** PROVIDED DATA follows **

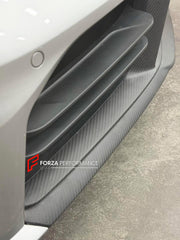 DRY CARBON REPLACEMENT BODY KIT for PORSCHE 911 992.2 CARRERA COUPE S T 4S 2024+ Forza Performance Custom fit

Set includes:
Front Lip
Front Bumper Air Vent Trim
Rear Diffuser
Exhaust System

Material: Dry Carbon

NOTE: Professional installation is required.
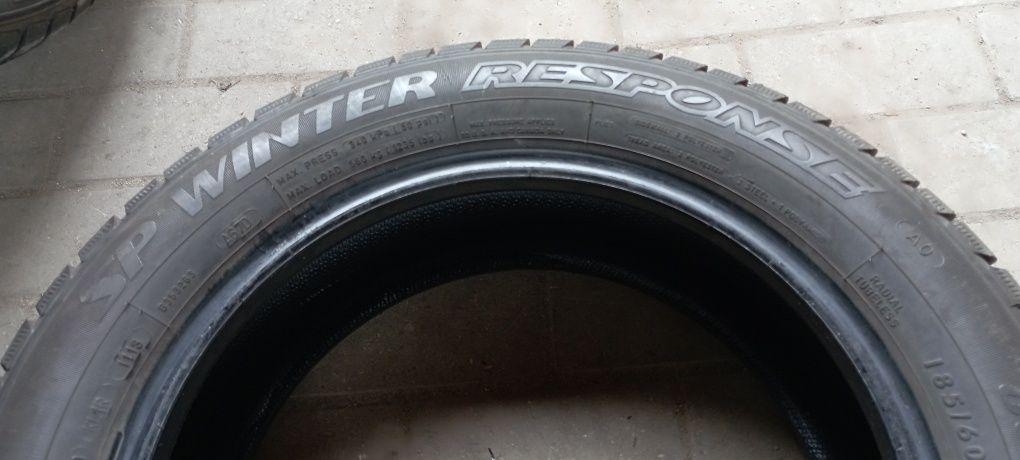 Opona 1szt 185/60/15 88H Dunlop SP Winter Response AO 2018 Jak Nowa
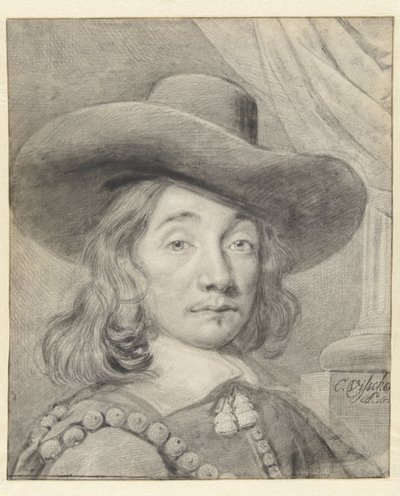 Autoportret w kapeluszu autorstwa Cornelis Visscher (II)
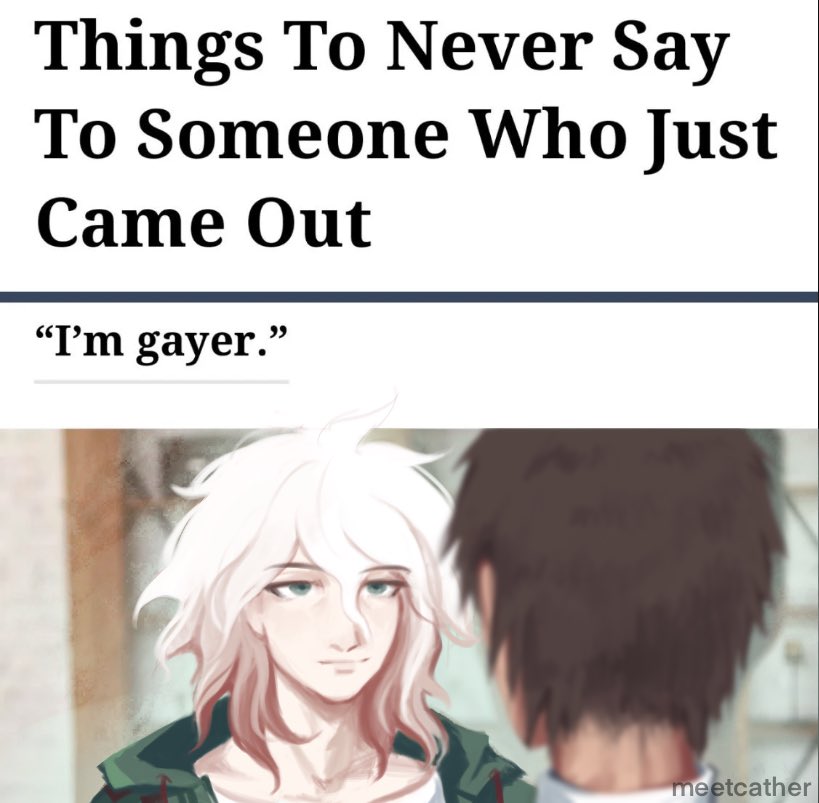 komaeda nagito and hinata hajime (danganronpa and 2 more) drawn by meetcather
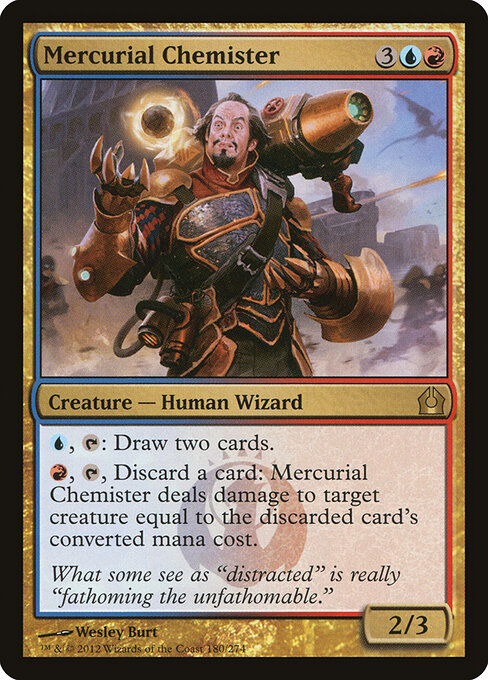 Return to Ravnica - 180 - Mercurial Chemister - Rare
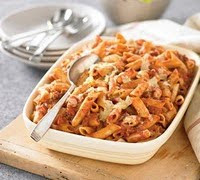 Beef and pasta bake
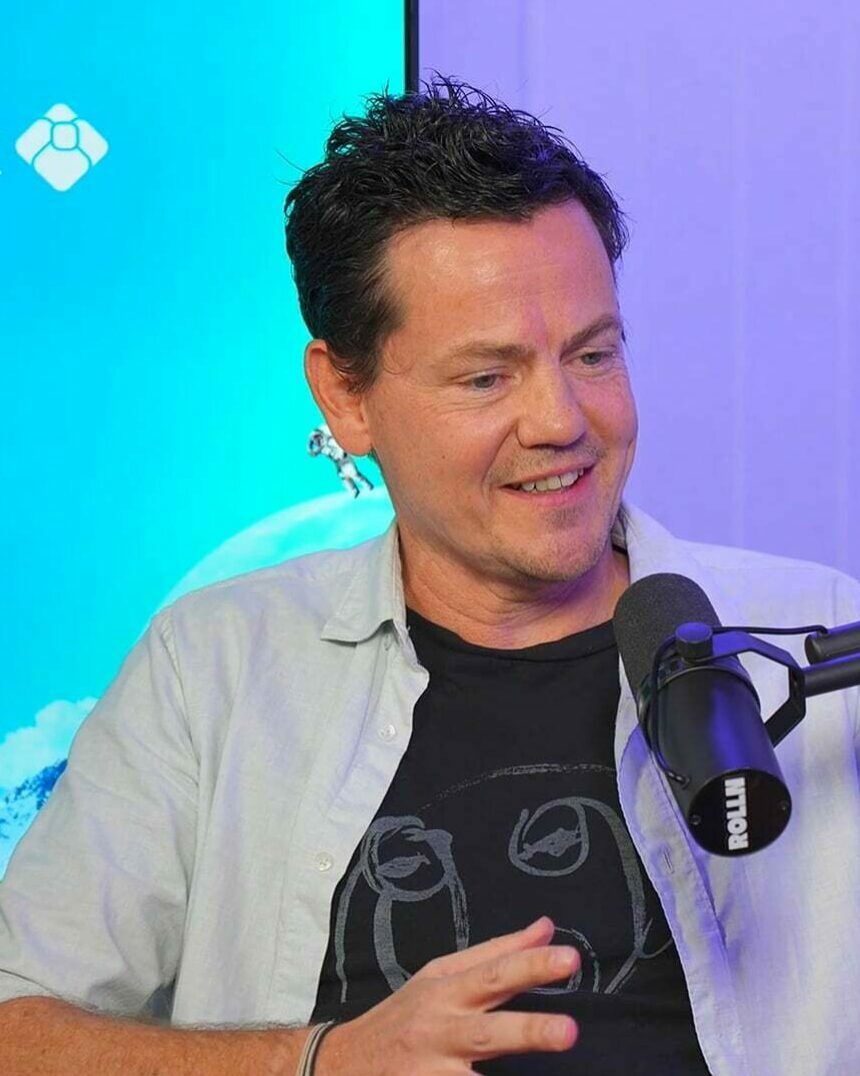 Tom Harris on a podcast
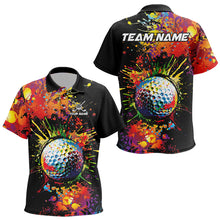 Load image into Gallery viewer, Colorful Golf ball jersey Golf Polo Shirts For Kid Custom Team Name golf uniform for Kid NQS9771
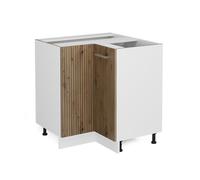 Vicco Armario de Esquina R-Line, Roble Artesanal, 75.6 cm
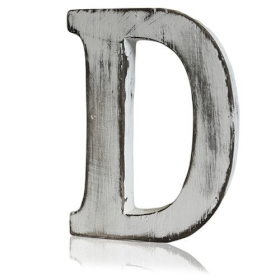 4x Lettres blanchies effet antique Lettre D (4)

** End of PROVIDED DATA **
** PROVIDED DATA follows **

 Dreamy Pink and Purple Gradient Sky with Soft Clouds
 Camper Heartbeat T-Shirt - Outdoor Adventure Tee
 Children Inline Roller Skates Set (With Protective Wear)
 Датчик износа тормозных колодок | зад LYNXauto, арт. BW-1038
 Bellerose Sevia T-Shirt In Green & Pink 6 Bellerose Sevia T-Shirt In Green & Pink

** End of PROVIDED DATA **

Set the pictures aside and reproduce exactly the lines above, from the line holding "Load image into" through the line holding "4x Lettres blanchies", both included, with nothing else.

 Load image into Gallery viewer, Colorful Golf ball jersey Golf Polo Shirts For Kid Custom Team Name golf uniform for Kid NQS9771
 Vicco Armario de Esquina R-Line, Roble Artesanal, 75.6 cm
 4x Lettres blanchies effet antique Lettre D (4)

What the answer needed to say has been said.